▶ Assignment
Your reply should consist only of the lines from the one holding "Calvin Klein T-Shirt" to the last line of the data below, written out exactly and without pictures.

▶ Information supplied
--- START ---

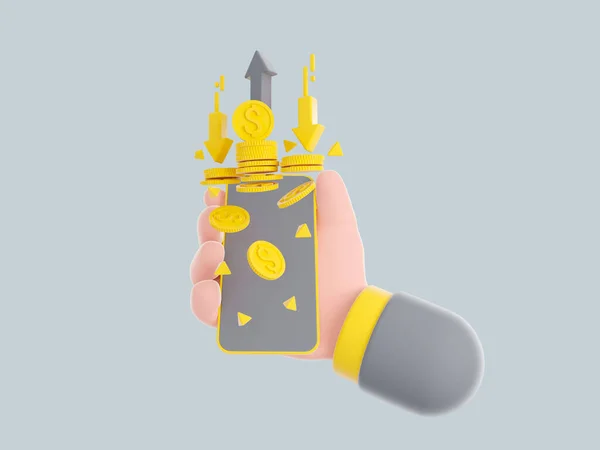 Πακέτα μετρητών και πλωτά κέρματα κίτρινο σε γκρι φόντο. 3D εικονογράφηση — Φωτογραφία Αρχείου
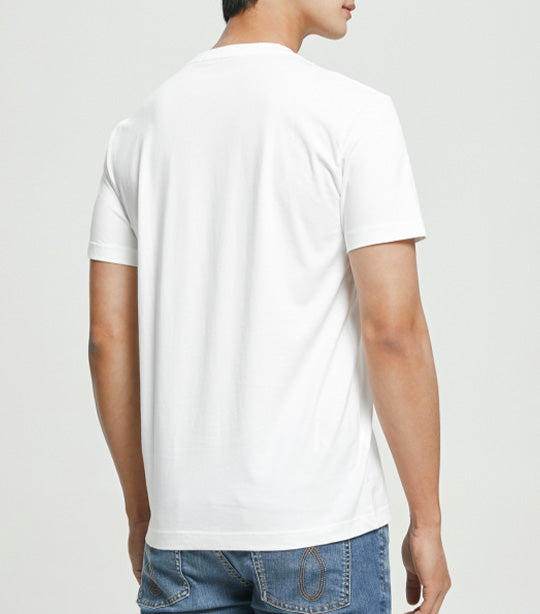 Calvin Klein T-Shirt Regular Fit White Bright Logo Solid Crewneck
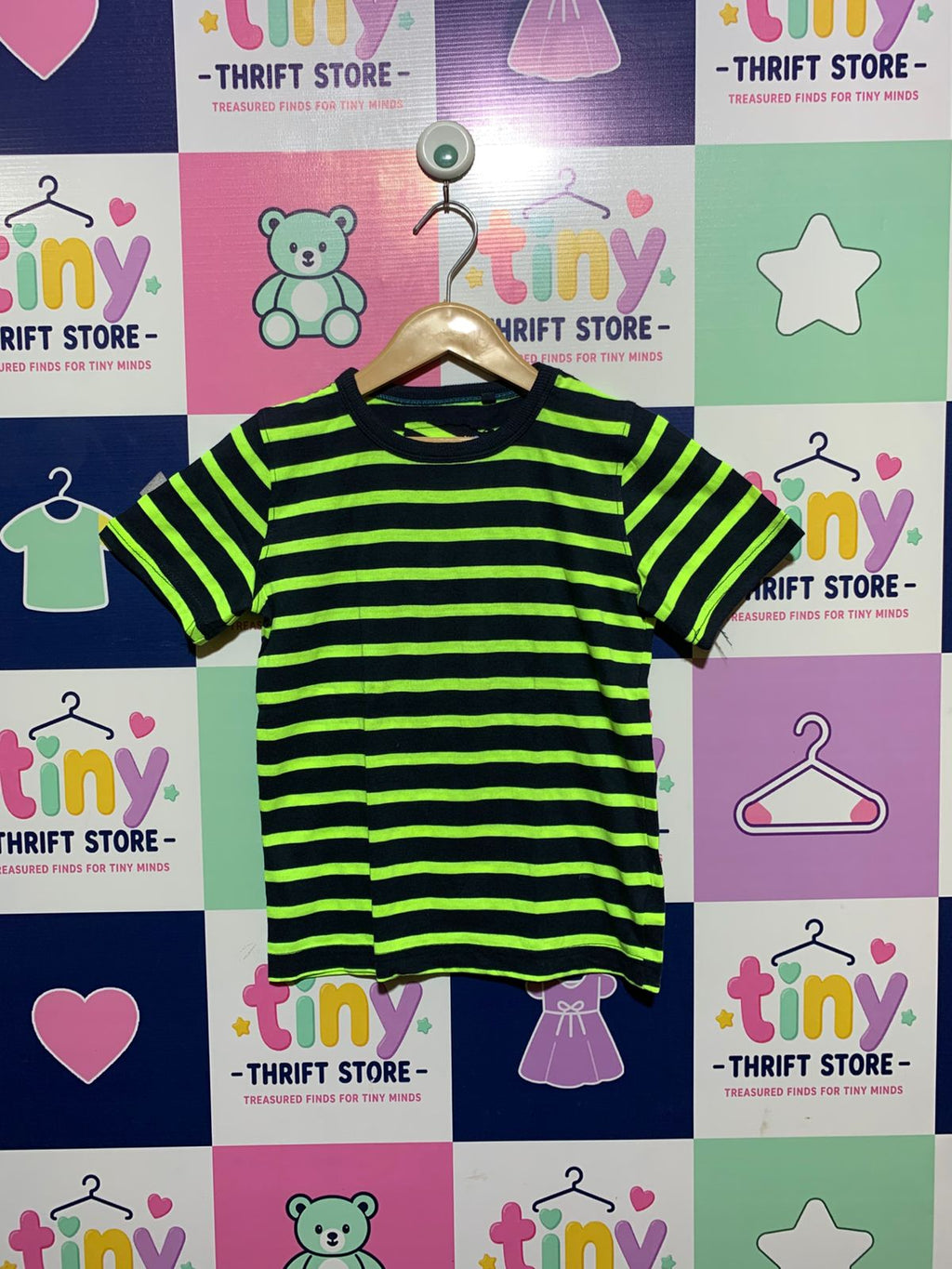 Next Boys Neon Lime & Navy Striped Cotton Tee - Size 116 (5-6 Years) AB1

--- END ---

▶ Exercise response
 Calvin Klein T-Shirt Regular Fit White Bright Logo Solid Crewneck
 Next Boys Neon Lime & Navy Striped Cotton Tee - Size 116 (5-6 Years) AB1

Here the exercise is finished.